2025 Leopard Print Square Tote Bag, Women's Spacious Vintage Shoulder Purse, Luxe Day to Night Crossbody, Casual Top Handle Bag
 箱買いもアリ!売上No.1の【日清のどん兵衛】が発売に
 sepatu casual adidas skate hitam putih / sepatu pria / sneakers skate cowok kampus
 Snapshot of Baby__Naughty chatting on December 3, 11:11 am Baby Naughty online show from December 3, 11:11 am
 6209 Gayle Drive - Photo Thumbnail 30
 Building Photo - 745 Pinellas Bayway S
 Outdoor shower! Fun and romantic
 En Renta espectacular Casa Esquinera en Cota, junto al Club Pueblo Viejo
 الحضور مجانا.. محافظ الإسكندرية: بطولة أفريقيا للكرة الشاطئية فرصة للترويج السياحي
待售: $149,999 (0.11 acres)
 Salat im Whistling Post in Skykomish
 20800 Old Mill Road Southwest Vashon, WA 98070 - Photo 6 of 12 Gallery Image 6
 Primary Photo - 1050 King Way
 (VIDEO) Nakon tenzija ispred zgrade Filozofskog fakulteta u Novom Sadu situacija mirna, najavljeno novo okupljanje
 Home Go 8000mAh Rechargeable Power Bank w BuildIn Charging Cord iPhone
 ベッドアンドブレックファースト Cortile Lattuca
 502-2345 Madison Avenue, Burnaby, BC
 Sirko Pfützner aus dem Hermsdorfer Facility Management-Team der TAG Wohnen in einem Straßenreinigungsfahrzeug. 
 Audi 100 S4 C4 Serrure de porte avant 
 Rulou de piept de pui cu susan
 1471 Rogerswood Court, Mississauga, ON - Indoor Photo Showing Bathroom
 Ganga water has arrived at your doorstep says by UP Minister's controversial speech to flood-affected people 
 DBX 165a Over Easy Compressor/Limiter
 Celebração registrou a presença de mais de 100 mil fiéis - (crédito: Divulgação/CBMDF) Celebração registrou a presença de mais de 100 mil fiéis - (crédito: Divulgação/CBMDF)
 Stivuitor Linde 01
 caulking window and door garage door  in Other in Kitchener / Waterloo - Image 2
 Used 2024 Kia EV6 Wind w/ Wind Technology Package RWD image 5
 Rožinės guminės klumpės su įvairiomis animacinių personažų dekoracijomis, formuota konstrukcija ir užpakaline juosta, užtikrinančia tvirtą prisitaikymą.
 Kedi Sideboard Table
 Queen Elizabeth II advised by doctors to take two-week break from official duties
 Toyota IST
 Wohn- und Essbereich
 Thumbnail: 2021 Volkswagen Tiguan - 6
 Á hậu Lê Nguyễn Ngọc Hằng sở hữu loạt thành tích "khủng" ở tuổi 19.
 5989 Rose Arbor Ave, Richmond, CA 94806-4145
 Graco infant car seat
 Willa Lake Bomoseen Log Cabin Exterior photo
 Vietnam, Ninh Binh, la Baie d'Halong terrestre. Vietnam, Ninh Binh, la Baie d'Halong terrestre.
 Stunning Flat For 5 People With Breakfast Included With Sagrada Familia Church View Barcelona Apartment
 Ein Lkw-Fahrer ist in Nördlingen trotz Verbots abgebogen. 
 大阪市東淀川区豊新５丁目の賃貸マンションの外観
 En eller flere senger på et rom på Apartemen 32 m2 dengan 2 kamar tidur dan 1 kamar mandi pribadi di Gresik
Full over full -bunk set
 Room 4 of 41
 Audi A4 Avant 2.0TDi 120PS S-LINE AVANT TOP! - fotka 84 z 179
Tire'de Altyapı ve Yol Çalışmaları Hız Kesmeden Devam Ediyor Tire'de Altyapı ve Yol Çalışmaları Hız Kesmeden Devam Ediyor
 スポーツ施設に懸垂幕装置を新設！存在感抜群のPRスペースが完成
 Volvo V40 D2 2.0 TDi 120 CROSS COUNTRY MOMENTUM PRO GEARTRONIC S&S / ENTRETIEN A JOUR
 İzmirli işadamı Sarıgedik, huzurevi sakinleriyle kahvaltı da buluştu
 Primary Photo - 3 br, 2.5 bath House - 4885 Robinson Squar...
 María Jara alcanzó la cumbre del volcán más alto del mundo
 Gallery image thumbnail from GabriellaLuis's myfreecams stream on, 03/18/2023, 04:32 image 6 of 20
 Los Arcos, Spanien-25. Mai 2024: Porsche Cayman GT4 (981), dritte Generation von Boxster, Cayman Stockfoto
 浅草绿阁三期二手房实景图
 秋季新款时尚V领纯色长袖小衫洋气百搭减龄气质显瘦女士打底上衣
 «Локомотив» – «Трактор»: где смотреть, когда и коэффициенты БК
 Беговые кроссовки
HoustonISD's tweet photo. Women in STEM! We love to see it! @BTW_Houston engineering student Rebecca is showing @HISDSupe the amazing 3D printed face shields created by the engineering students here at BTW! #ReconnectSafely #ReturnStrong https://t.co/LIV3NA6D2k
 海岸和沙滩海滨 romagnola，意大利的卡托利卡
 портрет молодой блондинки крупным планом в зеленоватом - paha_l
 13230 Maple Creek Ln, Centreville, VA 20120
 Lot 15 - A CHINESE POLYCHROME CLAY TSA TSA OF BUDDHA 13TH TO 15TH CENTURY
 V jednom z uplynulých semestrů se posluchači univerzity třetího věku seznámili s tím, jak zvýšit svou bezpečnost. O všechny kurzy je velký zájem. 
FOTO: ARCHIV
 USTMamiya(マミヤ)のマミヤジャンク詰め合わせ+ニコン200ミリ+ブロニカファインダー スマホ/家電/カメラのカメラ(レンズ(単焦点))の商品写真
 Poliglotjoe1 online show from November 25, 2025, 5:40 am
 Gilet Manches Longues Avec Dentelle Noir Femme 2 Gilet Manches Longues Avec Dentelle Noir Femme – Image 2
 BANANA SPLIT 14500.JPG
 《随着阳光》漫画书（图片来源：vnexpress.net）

WORK ITEM: When you reach the end of the data, retype all of it exactly.

FINAL ANSWER:
2025 Leopard Print Square Tote Bag, Women's Spacious Vintage Shoulder Purse, Luxe Day to Night Crossbody, Casual Top Handle Bag
 箱買いもアリ!売上No.1の【日清のどん兵衛】が発売に
 sepatu casual adidas skate hitam putih / sepatu pria / sneakers skate cowok kampus
 Snapshot of Baby__Naughty chatting on December 3, 11:11 am Baby Naughty online show from December 3, 11:11 am
 6209 Gayle Drive - Photo Thumbnail 30
 Building Photo - 745 Pinellas Bayway S
 Outdoor shower! Fun and romantic
 En Renta espectacular Casa Esquinera en Cota, junto al Club Pueblo Viejo
 الحضور مجانا.. محافظ الإسكندرية: بطولة أفريقيا للكرة الشاطئية فرصة للترويج السياحي
待售: $149,999 (0.11 acres)
 Salat im Whistling Post in Skykomish
 20800 Old Mill Road Southwest Vashon, WA 98070 - Photo 6 of 12 Gallery Image 6
 Primary Photo - 1050 King Way
 (VIDEO) Nakon tenzija ispred zgrade Filozofskog fakulteta u Novom Sadu situacija mirna, najavljeno novo okupljanje
 Home Go 8000mAh Rechargeable Power Bank w BuildIn Charging Cord iPhone
 ベッドアンドブレックファースト Cortile Lattuca
 502-2345 Madison Avenue, Burnaby, BC
 Sirko Pfützner aus dem Hermsdorfer Facility Management-Team der TAG Wohnen in einem Straßenreinigungsfahrzeug. 
 Audi 100 S4 C4 Serrure de porte avant 
 Rulou de piept de pui cu susan
 1471 Rogerswood Court, Mississauga, ON - Indoor Photo Showing Bathroom
 Ganga water has arrived at your doorstep says by UP Minister's controversial speech to flood-affected people 
 DBX 165a Over Easy Compressor/Limiter
 Celebração registrou a presença de mais de 100 mil fiéis - (crédito: Divulgação/CBMDF) Celebração registrou a presença de mais de 100 mil fiéis - (crédito: Divulgação/CBMDF)
 Stivuitor Linde 01
 caulking window and door garage door  in Other in Kitchener / Waterloo - Image 2
 Used 2024 Kia EV6 Wind w/ Wind Technology Package RWD image 5
 Rožinės guminės klumpės su įvairiomis animacinių personažų dekoracijomis, formuota konstrukcija ir užpakaline juosta, užtikrinančia tvirtą prisitaikymą.
 Kedi Sideboard Table
 Queen Elizabeth II advised by doctors to take two-week break from official duties
 Toyota IST
 Wohn- und Essbereich
 Thumbnail: 2021 Volkswagen Tiguan - 6
 Á hậu Lê Nguyễn Ngọc Hằng sở hữu loạt thành tích "khủng" ở tuổi 19.
 5989 Rose Arbor Ave, Richmond, CA 94806-4145
 Graco infant car seat
 Willa Lake Bomoseen Log Cabin Exterior photo
 Vietnam, Ninh Binh, la Baie d'Halong terrestre. Vietnam, Ninh Binh, la Baie d'Halong terrestre.
 Stunning Flat For 5 People With Breakfast Included With Sagrada Familia Church View Barcelona Apartment
 Ein Lkw-Fahrer ist in Nördlingen trotz Verbots abgebogen. 
 大阪市東淀川区豊新５丁目の賃貸マンションの外観
 En eller flere senger på et rom på Apartemen 32 m2 dengan 2 kamar tidur dan 1 kamar mandi pribadi di Gresik
Full over full -bunk set
 Room 4 of 41
 Audi A4 Avant 2.0TDi 120PS S-LINE AVANT TOP! - fotka 84 z 179
Tire'de Altyapı ve Yol Çalışmaları Hız Kesmeden Devam Ediyor Tire'de Altyapı ve Yol Çalışmaları Hız Kesmeden Devam Ediyor
 スポーツ施設に懸垂幕装置を新設！存在感抜群のPRスペースが完成
 Volvo V40 D2 2.0 TDi 120 CROSS COUNTRY MOMENTUM PRO GEARTRONIC S&S / ENTRETIEN A JOUR
 İzmirli işadamı Sarıgedik, huzurevi sakinleriyle kahvaltı da buluştu
 Primary Photo - 3 br, 2.5 bath House - 4885 Robinson Squar...
 María Jara alcanzó la cumbre del volcán más alto del mundo
 Gallery image thumbnail from GabriellaLuis's myfreecams stream on, 03/18/2023, 04:32 image 6 of 20
 Los Arcos, Spanien-25. Mai 2024: Porsche Cayman GT4 (981), dritte Generation von Boxster, Cayman Stockfoto
 浅草绿阁三期二手房实景图
 秋季新款时尚V领纯色长袖小衫洋气百搭减龄气质显瘦女士打底上衣
 «Локомотив» – «Трактор»: где смотреть, когда и коэффициенты БК
 Беговые кроссовки
HoustonISD's tweet photo. Women in STEM! We love to see it! @BTW_Houston engineering student Rebecca is showing @HISDSupe the amazing 3D printed face shields created by the engineering students here at BTW! #ReconnectSafely #ReturnStrong https://t.co/LIV3NA6D2k
 海岸和沙滩海滨 romagnola，意大利的卡托利卡
 портрет молодой блондинки крупным планом в зеленоватом - paha_l
 13230 Maple Creek Ln, Centreville, VA 20120
 Lot 15 - A CHINESE POLYCHROME CLAY TSA TSA OF BUDDHA 13TH TO 15TH CENTURY
 V jednom z uplynulých semestrů se posluchači univerzity třetího věku seznámili s tím, jak zvýšit svou bezpečnost. O všechny kurzy je velký zájem. 
FOTO: ARCHIV
 USTMamiya(マミヤ)のマミヤジャンク詰め合わせ+ニコン200ミリ+ブロニカファインダー スマホ/家電/カメラのカメラ(レンズ(単焦点))の商品写真
 Poliglotjoe1 online show from November 25, 2025, 5:40 am
 Gilet Manches Longues Avec Dentelle Noir Femme 2 Gilet Manches Longues Avec Dentelle Noir Femme – Image 2
 BANANA SPLIT 14500.JPG
 《随着阳光》漫画书（图片来源：vnexpress.net）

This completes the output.